The other shoe to drop is the wholesalers - who offered fixed-rate plans - going out of business because they can’t cover the gulf between their cost and their revenue. Not sure what happens then, but I bet if you’re forced to find a new deal, it’s going to be more expensive.
Or if your provider goes out of business because they can’t cover their losses. If you don’t get on another plan, you get defaulted to a “provider of last resort”, which is paying the spot price.
This is part of the problem with the system. You’re contract with your provider is really paying for electricity insurance. They’re counting on rates staying down, you’re hedging against them going up. Which is fine until they go up so much, so fast that the provider is overwhelmed and simply has to fold. It’s like life insurance…you’re betting you’re going to die, the insurance company is betting you’re not. You just hope that not everyone dies at once.
60? I’ve always lived in Texas and during my 20s lived cold in winter and hot in summer, but I’d really need to toughen up now to live at 63 all winter. For those that live up north, is it pretty common for homes to be in the low or mid 60s during the winter?
To be fair here, the life insurance company knows you’re going to die; they’re betting that you won’t until you’ve paid enough premium - and they’ve earned enough investment income on that premium over time - such that they come out ahead when you do. Like a casino, they operate on the laws of very large numbers so they can balance those who go early against those who go late. Plus, many people cancel the policy once they’re retired, so they never pay out at all.
Electricity wholesalers are operating on a very different model. Basically, they put everything on black, and hope it doesn’t come up red. They do this over and over, and it always comes up black…until it doesn’t.
I grew up in Florida, without any air conditioning, and it was always hot in summer. Most winters weren’t too bad, but it did occasionally freeze. We had a kerosene heater in the middle of the house, but we rarely had any fuel, so the nights it did get cold, we were just cold. I was used to the extremes too, but I prefer a more reasonable 65-80 inside the house. My wife has to have it like a walk in freezer all the time.
Opened up the main valve, went and listened around the house, so far so good. Sat and watched the water meter for a few minutes, and it didn’t move, so I think we survived.

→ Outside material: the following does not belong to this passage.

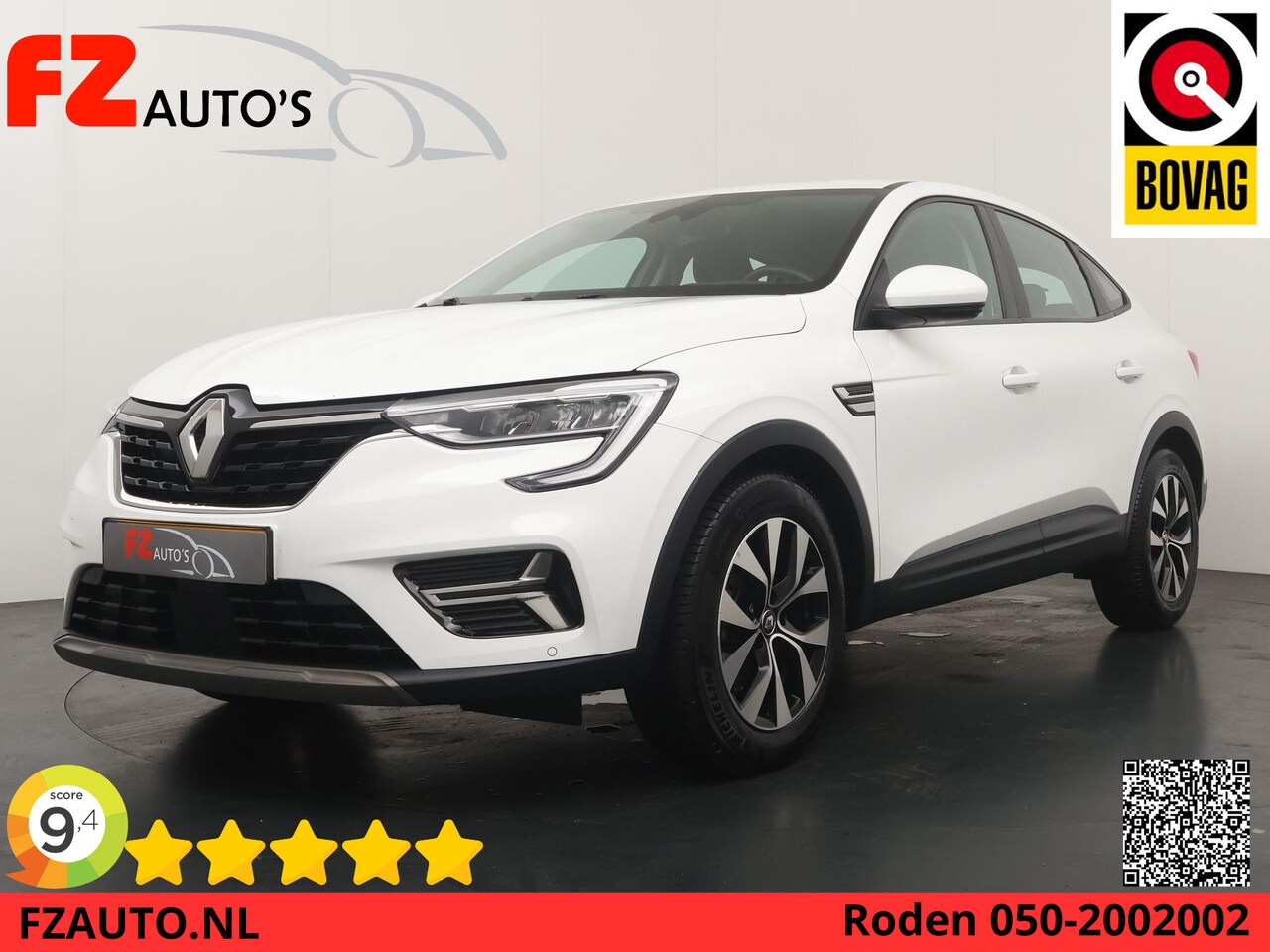 Renault Arkana - 1.6 E-Tech Hybrid 145 Zen - Automaat - Navigatie - Parkeersens V+A - AutoWereld.nl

If you’re on a fixed-rate deal, and the cost of juice spikes 10,000%, someone in the supply chain is going to be eating the delta.
It’s not the producers because, while they’ve suffered increased costs because of the weather, those costs didn’t go up 10,000%. So it’s the wholesalers and retailers who gamble on the market rates - and those unfortunate customers who aren’t on a fixed rate - who are drowning in red ink.
SNL is still mostly meh, but this week’s cold open was very good. Britney Spears hosts “Oops I Did It Again” with guests Andrew Cuomo, Gina Carano and, of course, Ted Cruz - played pitch-perfectly by Aidy Bryant.
Also, breaking news, the Zodiac Killer has finally come forward to the FBI in order to prove, once and for all, that he’s not Ted Cruz.
There’s already talk about using disaster funds to bail out consumers directly meaning that no one up the chain takes a hit either, but the US taxpayers. Not bailing out consumers also seems politically untenable, at least for Texas politicians since they, not the Feds are the responsible party. Should be interesting.